Und ich löste mein Versprechen ein. Um 10 Uhr morgens an diesem 21. April saß ich mit über 200 Menschen in der historischen Kirche in Dortmund-Kirchderne und wartete mit ihnen auf den Pfarrer. Doch der kam nicht. Die Konfirmanden feixten bereits, ihre Angehörigen wurden ungeduldig, etliche zeigten sich verärgert. Nach einer geschätzten halben Stunde Zuwartens ging ein Mitglied des Kirchenvorstands hinüber ins benachbarte Pfarrhaus. Wenige Minuten danach kehrte er mit Rolf Denter zurück.

 

Der machte einen mitgenommenen, gar verwahrlosten Eindruck. Das blasse Gesicht wies rötliche Flecken auf; sein Haar war zerzaust, er wirkte verschwitzt und seine Bewegungen waren fahrig. Talar und Beffchen saßen nicht korrekt. Vor der niedrigen Treppe zur Kanzel verharrte er zunächst, dann erklomm er mühsam die wenigen Stufen. Oben angekommen wandte er sich an die Gemeinde und bat sie mit krächzender Stimme, »Befiehl du deine Wege« zu singen. Pfarrer Denter war offensichtlich betrunken. Oder er hatte sich von einem kräftigen Rausch noch nicht erholt.

 

»Ich hatte einen Grund zu feiern«, begann er nach dem Eröffnungslied die Konfirmationspredigt. »Einer meiner politischen Gegner, Konrad Adenauer, ist vor zwei Tagen gestorben. Und ich bin darüber nicht traurig. Vielmehr habe ich auf seinen Tod gewartet. Als die Nachricht kam, habe ich mir eine Flasche Cognac gegönnt. Jetzt bin ich neugierig auf den Tag des Jüngsten Gerichts. Auf welcher Seite wird Adenauer stehen? Bei den Gerechten? Oder bei denen, die auf ewig verdammt sein werden? Ich bin mir meiner Sache sicher. Liebe Konfirmanden, versucht, in dem langen Leben, das ihr noch vor euch habt, immer Partei für die Gerechten zu ergreifen. Liebet eure Nächsten, steht in ihnen bei, wenn sie der Hilfe bedürfen.
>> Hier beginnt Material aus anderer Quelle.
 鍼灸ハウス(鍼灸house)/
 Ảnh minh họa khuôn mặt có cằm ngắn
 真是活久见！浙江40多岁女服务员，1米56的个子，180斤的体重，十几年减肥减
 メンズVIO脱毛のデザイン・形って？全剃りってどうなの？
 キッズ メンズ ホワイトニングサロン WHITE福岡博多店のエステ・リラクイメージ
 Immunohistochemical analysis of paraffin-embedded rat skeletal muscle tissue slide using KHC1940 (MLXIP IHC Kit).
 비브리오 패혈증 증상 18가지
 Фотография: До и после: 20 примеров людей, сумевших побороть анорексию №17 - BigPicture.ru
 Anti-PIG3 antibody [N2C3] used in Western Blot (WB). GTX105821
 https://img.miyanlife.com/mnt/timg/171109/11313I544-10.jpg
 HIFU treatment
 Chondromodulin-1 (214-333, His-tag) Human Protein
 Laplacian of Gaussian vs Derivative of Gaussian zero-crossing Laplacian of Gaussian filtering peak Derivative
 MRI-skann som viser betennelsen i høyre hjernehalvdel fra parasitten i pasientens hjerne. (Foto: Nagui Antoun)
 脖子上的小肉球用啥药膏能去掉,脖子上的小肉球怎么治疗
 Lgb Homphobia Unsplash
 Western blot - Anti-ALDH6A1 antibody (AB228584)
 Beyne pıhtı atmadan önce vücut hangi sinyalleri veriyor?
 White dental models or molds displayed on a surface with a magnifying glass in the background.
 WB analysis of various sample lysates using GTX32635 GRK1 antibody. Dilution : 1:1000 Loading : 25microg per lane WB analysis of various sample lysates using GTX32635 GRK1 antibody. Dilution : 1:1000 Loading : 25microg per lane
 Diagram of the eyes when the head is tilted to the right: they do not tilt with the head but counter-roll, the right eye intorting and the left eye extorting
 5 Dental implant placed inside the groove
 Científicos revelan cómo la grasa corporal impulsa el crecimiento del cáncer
Übt Gerechtigkeit gegenüber jedermann.«

 

Dann stieg er unbeholfen die Kanzel herab, ging auf die Konfirmanden zu, die in der ersten Reihe saßen, und forderte sie durch ein Handzeichen auf, sich zu erheben. Nachdem sie einen Halbkreis gebildet hatten, schritt er an ihnen langsam vorbei und strich dabei jedem flüchtig übers Haar, sprach den Segen und eilte hinaus.

 

Alle Beteiligten und Unbeteiligten waren entsetzt. Der Vorsitzende des Presbyteriums trat nach vorn, bat um Entschuldigung, äußerte die Vermutung, dass Pfarrer Denter krank sei. Dann forderte er die Gemeinde auf, zum Abschluss noch das Lied »Wer nur den lieben Gott lässt walten« zu singen. Danach endete die Feier, die eigentlich keine gewesen war. Fortsetzung folgt

 

Hinweis:

 

Die Namen der Personen und die der Dortmunder Ortsteile bzw. Kirchengemeinden wurden geändert. Ansonsten folgt der Bericht den tatsächlichen Vorgängen bzw. den Schilderungen von Zeitzeugen.

 

 

Foto: © KPM, "Förderturm der Zeche Gneisenau in Dortmund"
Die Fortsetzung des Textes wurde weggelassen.